Themes from the Old and New Testament are human themes: Temptation, The Fall, Grace, Redemption and Mystery. But leave it to those weekly hack writers to bang out bitchen' takes on the Garden of Eden, the Crucifixion and, of course, the apocalypse.
No one is too fallen, too flawed, too stained with sin for redemption--that's the main message of the New Testament and the theme recently revisited by Touched by an Angel. For the intelligentsia out there too hip to watch, a brief synopsis: Three angels--Monica (Roma Downey), Tess (Della Reese) and Andrew the Angel of Death (Richard Dye)--go about helping people live (and die) under the watchful eye and guidance of You-Know-Who. A weekly foray into treacly and transparent plots, the writing sucks and the acting's not much better (except for that of marvelous Della Reese). Not that any of those flaws keeps me from watching, well, faithfully, week after week, invariably reduced to a blubbering heap when angel Monica's halo lights up and she reminds this week's sad sack that "God loves you."
Touched deserves credit for at least saying the "G" word on prime-time TV. But given that polls show 90 percent of Americans believe in God, you'd think they could find at least three or four creative teams to write about the Big Guy (or Gal) a little better than this.
Paradoxically, the heart of the gospel consistently beats in NYPD Blue, a show reviled and boycotted by the Christian Right. For followers who still paint Jesus as a blue-eyed blonde and actually believe He preached condemnation of gays, it probably makes sense to judge a show on a few bare buttocks and a sprinkling of salty words. But for the rest of us who enjoy the basic Christian message as conveyed by saints Matthew, Mark, Luke and John, it can be witnessed a-plenty through the struggles of Detective Andy Sipowicz, one terribly flawed--and refreshingly real--human being.
Modern-Day Parables
PLAYED WITH ASTOUNDING empathy by Dennis Franz, Sipowicz is the Old Testament's Suffering Job with a twist: Andy never had much faith to begin with. He battles the bottle, the murder of his son and his inherent racism and sexism with little dignity, just like the rest of us hairless apes. But each time the hand of God weighs seemingly heavy on him, grace and reconciliation eventually follow. Sipowicz loses everything behind his alcoholism, but gains it back--more or less--with intermittent sobriety. His son is murdered, but a new son is born. After lashing out at the "pissy bitch" of a district attorney, Sipowicz finally gets to know her and, eventually, marries her.

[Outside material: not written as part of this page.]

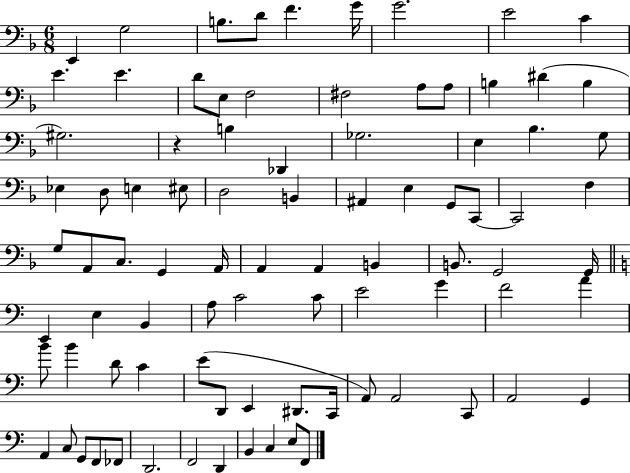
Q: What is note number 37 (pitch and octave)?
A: C2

Crime is merely a convenient present-day backdrop for this age-old human drama that plays out each week. Just like Noah's voyage didn't have a hell of a lot to do with moving a zoo across the ocean, these modern-day biblical parables penned by the talented hand of television writer David Milch and produced by Steven Bochco have little to do with cops and robbers. Milch, an ex-junkie who's no virgin to the rougher corners of life, has consistently avoided adding more crap to flush through TV toiletland in favor of painting subtle textures and hues of real life.
If NYPD Blue covers everything from the book of Job to the gospels, it's left to Hulk Hogan, Brutus Beefcake and The Undertaker to read chapter and verse from the book of Revelations. Ain't nothing on TV better shows the black-and-white division of Good and Evil than WCW Nitro Monday, the latest incarnation of Wrestlemania. Huge, steroid-ripped creatures improbably draped in Spandex and glitter face off under the screaming approval or boos of thousands of blood-hungry fans.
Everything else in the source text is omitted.